Kebijakan ini menjadi peluang besar bagi Tokyo, yang sangat bergantung pada pasokan energi dari kawasan Timur Tengah. Jepang mengimpor lebih dari 90% minyak mentahnya dari wilayah tersebut, sehingga penutupan Selat Hormuz selama tiga pekan terakhir menyebabkan gangguan signifikan terhadap kestabilan energi nasional.
Koordinasi dengan Negara-Negara Lain
Araghchi menambahkan bahwa pihaknya bersedia membuka rute aman bagi kapal-kapal dari negara-negara lain yang menghubungi otoritas Iran. “Yang perlu mereka lakukan hanyalah menghubungi kami untuk membahas bagaimana rute ini nantinya,” ujarnya.
Penerapan blokade selektif ini mengindikasikan perubahan sikap Korps Garda Revolusi Islam Iran (IRGC), yang sebelumnya mengancam akan membakar seluruh kapal yang mencoba melintas. Kini, IRGC sedang mengembangkan sistem pemeriksaan dan registrasi yang lebih terkoordinasi untuk kapal komersial.
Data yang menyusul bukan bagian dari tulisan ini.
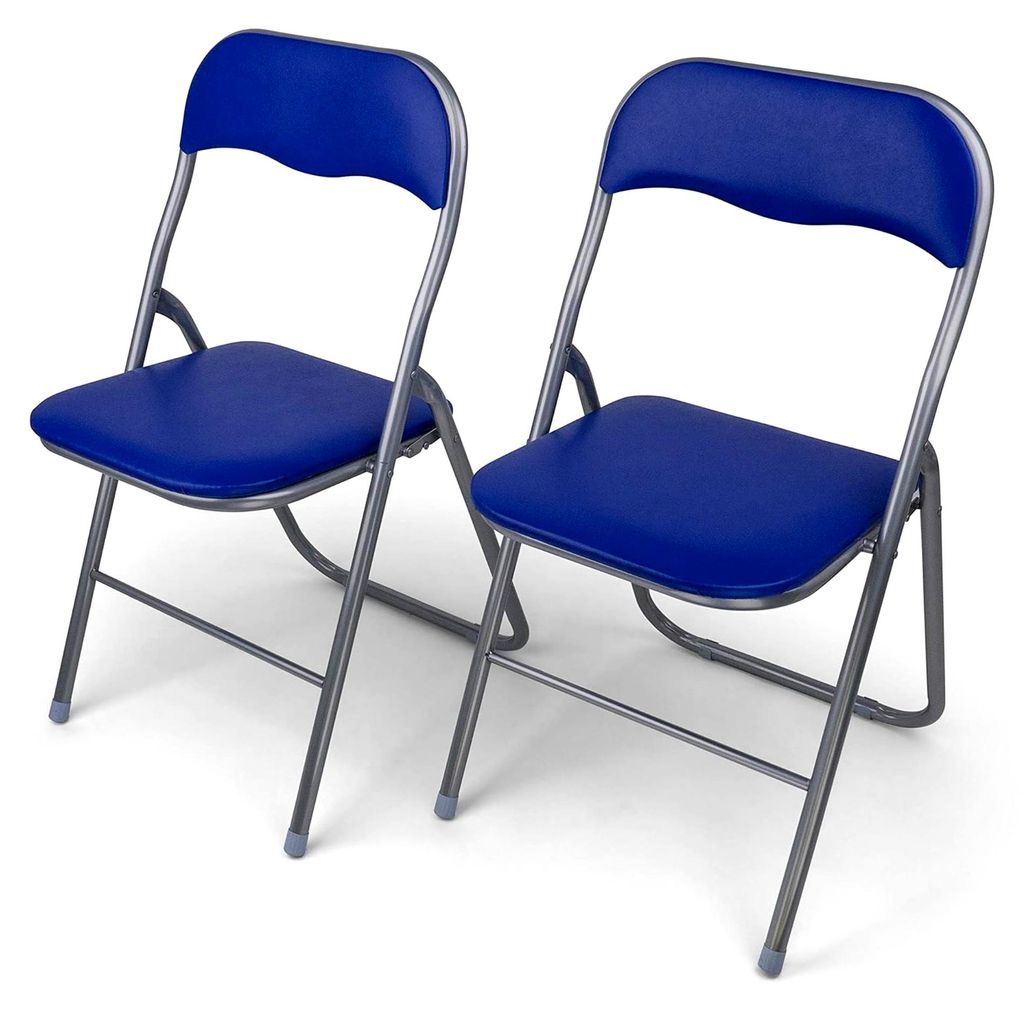 Klappstühle 2er Set, gepolstert mit Metallrahmen und Kunstleder, platzsparend, bis 100 kg belastbar, geeignet für Küche und Garten, Silber-Blau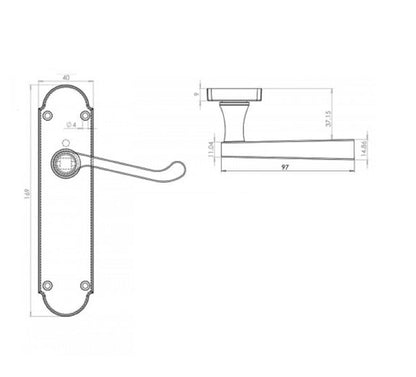 Poignées de porte multipack Epsom, loquet satiné, levier à volutes, style victorien, 1/4/6 paires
Berdasarkan laporan dari layanan informasi maritim Lloyd’s List, setidaknya sepuluh kapal telah berhasil melintasi selat dengan berlayar mendekati garis pantai Iran, yang kini menjadi koridor aman. Dengan kebijakan terbaru ini, Jepang akan bergabung dengan sejumlah kecil negara seperti China, India, dan Pakistan yang telah lebih dulu mendapatkan izin untuk menggunakan jalur tersebut.